Annihilating Not Only Democracy, But Countless Lives and Life Supports

 For perhaps the majority in the U.S., loathing of government is a
national pastime except for “our men in uniform” – that is, arms-laden
American enforcers chasing, shooting and bombing designated enemies of
America at home and abroad. Wars seem in fact very popular with the
majority if they are not being lost, and public pillories and prisons
for deviators from the American Way seldom lack similar support.
Police state laws, the invasion of Iraq and so on seem to have been
popular if they are successful. Yet Kolin’s work is more concerned to
expose the state which is represented as the world leader in democracy
while it rules by armed force, secrecy and terror and – especially
since 9-11 - violently suppresses dissent in its own society. The
inside mechanisms of legalist-bureaucratic rule not discussed or
connected in the dominant media or political science are uniquely laid
bare. There were many designated “enemies” from the beginning – from
American Indians and genocidal laws against them to the FBI, Sedition,
Alien and Espionage Acts of 1917-18, the CIA founding in 1947,
followed by the Internal Security Act of 1950, McCarthy’s House
UnAmerican Activities Committee from 1957, and the Patriot and
Homeland Security Acts of today. All of these legal mechanisms, he
shows, have been structured to silence alternative thoughts and voices
in the public sphere. When to be merely unAmerican brings life ruin to
U.S. citizens and designation as “the enemy” can justify the
saturation bombing of weaker societies, the derangement becomes clear
amidst a sustained train of such abuses over generations.

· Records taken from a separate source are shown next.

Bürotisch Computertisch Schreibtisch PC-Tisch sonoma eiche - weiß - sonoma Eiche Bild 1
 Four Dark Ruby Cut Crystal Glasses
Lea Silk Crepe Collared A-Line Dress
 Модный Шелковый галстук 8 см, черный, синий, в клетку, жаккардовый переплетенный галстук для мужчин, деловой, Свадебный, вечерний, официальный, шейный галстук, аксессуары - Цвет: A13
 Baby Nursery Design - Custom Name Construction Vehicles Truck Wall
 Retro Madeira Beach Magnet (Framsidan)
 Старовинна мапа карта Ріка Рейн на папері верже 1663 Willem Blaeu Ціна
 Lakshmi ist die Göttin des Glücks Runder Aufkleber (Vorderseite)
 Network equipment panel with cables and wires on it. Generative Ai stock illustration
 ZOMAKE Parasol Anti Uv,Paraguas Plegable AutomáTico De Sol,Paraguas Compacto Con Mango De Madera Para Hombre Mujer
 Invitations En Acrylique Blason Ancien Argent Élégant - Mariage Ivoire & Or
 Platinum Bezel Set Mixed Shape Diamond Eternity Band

When these systematic attacks simultaneously annihilate life-serving
advocacy and institutions at home and elsewhere, a more sinister and
unidentified pattern emerges. Not only non-conforming speech and
thought are repressed, but standing up for other people’s lives and
life means becomes criminalized. An invisible war is waged on social
conscience and defence of life itself.  Indeed this is the
unrecognized selector of what the U.S. police state invariably attacks
inside and outside its borders – social movements and orders to enable
the lives of citizens opposed to transnational private money
sequencing to more. Consider here for immediate example what the
police protected in New York in the Wall Street protests until world
attention no longer allowed the savage beating to continue with the
dominant media cheering it on. Government armed force did not protect
the lives of citizens or their cause of life justice or real market
businesses on the street. Armed protective attention was directed
instead to Wall Street operations by barricades, long swinging
truncheons, continuous special vehicles of service to the money-men,
and moving lines of trap and assault of the citizens standing for “the
99%”. In the wider world, the  seven-month U.S.-NATO bombing of Libya–
not to defend citizens as pretended, but to bomb main cities and
government capacities, seize control of the country’s wealthy
financial assets and sub-soil oil fields – went on with hardly a voice
of dissent. That it destroyed Libya’s social state of  free
healthcare, higher education and guaranteed subsistence in food,
housing and fuel was never reported even by public broadcasters.

The U.S. state is in these ways structured not only towards total
force and control. It is, more deeply, programmed to liquidate what
serves the lives of people so as to grow transnational corporate
profit for the few. Always however, there is a pretext of a demonic
enemy that people are being protected from – “communism”,
“subversives”, “Islamic militants”, “terrorists”,
“violence-threatening protestors”, all with no criteria. Most warred
upon by the U.S. state are societies’ social life support systems –
including public water, electricity, health and living subsidies.
Consider here the bombed former Yugoslavia, Iraq and Libya - not to
mention trillions of dollars of defunding of U.S. social security
itself to pay for private bank bailouts by public dollars. This is the
deeper shadow side of the U.S. state and its global allies.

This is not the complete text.